Jon Kyl, November 30, 2011

Earlier this year, President Obama delivered a speech at Georgetown University where he bemoaned our continued reliance on oil imported from the Middle East and unsavory regimes. "Politicians of every stripe have promised energy independence, but that promise has so far gone unmet," he said. "That has to change."

Of course, most Americans would like to reduce the extent to which we must look to a very unstable part of the world for the energy that runs our cars and heats our homes. But dig deeper, of course, and there’s a difference between the president saying he wants to do something and then actually putting the policies in place to make it happen. On that front, the president recently fumbled a no-brainer that could have moved us closer to meeting this objective.

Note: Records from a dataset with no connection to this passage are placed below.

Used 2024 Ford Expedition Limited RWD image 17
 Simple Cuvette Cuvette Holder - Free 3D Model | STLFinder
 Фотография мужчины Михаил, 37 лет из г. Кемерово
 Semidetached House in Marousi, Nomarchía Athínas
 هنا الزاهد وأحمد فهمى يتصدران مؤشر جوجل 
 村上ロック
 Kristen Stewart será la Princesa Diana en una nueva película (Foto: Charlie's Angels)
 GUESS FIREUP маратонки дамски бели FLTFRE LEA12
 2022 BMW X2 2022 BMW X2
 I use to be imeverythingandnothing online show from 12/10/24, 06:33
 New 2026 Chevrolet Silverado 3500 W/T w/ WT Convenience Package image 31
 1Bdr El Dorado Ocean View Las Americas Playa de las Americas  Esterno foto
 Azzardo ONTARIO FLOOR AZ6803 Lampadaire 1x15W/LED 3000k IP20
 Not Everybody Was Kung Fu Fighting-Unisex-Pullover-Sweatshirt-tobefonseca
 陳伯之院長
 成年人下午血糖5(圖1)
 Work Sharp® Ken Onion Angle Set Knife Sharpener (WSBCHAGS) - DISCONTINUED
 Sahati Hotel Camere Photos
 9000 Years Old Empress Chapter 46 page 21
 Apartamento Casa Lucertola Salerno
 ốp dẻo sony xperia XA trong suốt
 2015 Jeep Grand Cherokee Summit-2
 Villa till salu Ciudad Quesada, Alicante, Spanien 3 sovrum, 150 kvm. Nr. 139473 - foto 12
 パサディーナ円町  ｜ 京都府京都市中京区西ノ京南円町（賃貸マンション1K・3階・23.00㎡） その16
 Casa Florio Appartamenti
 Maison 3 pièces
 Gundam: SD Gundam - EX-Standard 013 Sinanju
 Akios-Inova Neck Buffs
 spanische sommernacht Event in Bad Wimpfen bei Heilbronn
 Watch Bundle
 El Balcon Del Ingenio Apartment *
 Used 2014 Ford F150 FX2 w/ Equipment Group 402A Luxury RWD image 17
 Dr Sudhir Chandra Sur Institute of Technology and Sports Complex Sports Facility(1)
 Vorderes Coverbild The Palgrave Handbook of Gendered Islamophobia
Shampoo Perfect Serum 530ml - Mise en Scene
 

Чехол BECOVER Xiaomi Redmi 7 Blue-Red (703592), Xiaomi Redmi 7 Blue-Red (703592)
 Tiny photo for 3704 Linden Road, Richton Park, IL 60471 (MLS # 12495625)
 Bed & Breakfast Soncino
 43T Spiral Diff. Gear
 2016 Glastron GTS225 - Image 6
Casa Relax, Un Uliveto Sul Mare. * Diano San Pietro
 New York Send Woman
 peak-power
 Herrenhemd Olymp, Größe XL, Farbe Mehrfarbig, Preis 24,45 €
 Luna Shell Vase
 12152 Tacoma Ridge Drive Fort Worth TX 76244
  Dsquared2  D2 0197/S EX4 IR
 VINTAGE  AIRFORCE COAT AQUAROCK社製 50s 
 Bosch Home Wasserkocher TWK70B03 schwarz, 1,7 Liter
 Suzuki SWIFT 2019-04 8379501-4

In 2008, the TransCanada oil company applied for government permission to construct the Keystone XL project, a pipeline that would transport 830,000 barrels of oil per day from the Canadian province of Alberta to refineries in the southern United States. According to the Congressional Research Service, the pipeline would also provide a boost to our economy of up to $600 million per year and create as many as 343,000 U.S. jobs. The State Department had planned to make a final decision by the end of this year, and all signs pointed to an easy approval. That is, until November 10, when the Obama Administration announced that it would delay making a decision on the pipeline until -- conveniently enough -- right after the 2012 presidential election.

The problem is, by then it may be too late.

Canadian Prime Minister Stephen Harper said the president’s decision had caused "extremely negative reactions," and indicated that his government might be forced to simply reroute the oil to be sent to China instead. This is concerning for numerous reasons. Not only might we now miss out on this important opportunity to secure more North American oil from a friendly neighbor -- oil that’s likely going to be extracted whether we take it or not -- but we may have just needlessly forfeited a strategic resource to China and, in the process, greatly disappointed the most staunchly pro-American neighboring leader we’ve seen in decades.

It is very difficult to see a viable policy reason for the delay. Indeed, as Obama said in the same Georgetown speech, "when it comes to the oil we import from other nations, obviously we’ve got to look at neighbors like Canada," which he called a "stable and steady and reliable" source. Moreover, environmental concerns had mostly been addressed and waved off by the experts. As a columnist recently put it in The Washington Post, "[The State Department] had subjected Keystone to three years of review -- the most exhaustive study of any oil pipeline in U.S. history -- and twice concluded in voluminous studies that there would be no significant environmental harm."

The president’s stated goal of increased stability in our energy supply is one that I share. But, by putting on ice one of the most promising projects in years with a friendly, democratic neighbor like Canada, the president doesn’t seem serious about the goal. And it is no answer to simply point to so-called alternative forms of energy; even aggressive estimates tell us that these sources will, at best, take decades to make any real impact on U.S. energy supply. Moreover, most of these alternatives generate electricity -- they don’t power the vehicles that most of us drive.

So, we should get serious about developing more resources closer to home. In these times of high unemployment, large budget deficits and uncertainty abroad, America needs policies that will lower fuel prices, provide more revenue to the Treasury, enhance our energy security, and put thousands of Americans back to work.

The Keystone XL pipeline is just such a policy, and it should be promptly approved and constructed.

Senator Jon Kyl, a Republican, represents Arizona in the U.S. Senate. He serves on the Senate Judiciary Committee, the Finance Committee, and the Energy and Natural Resources Committee.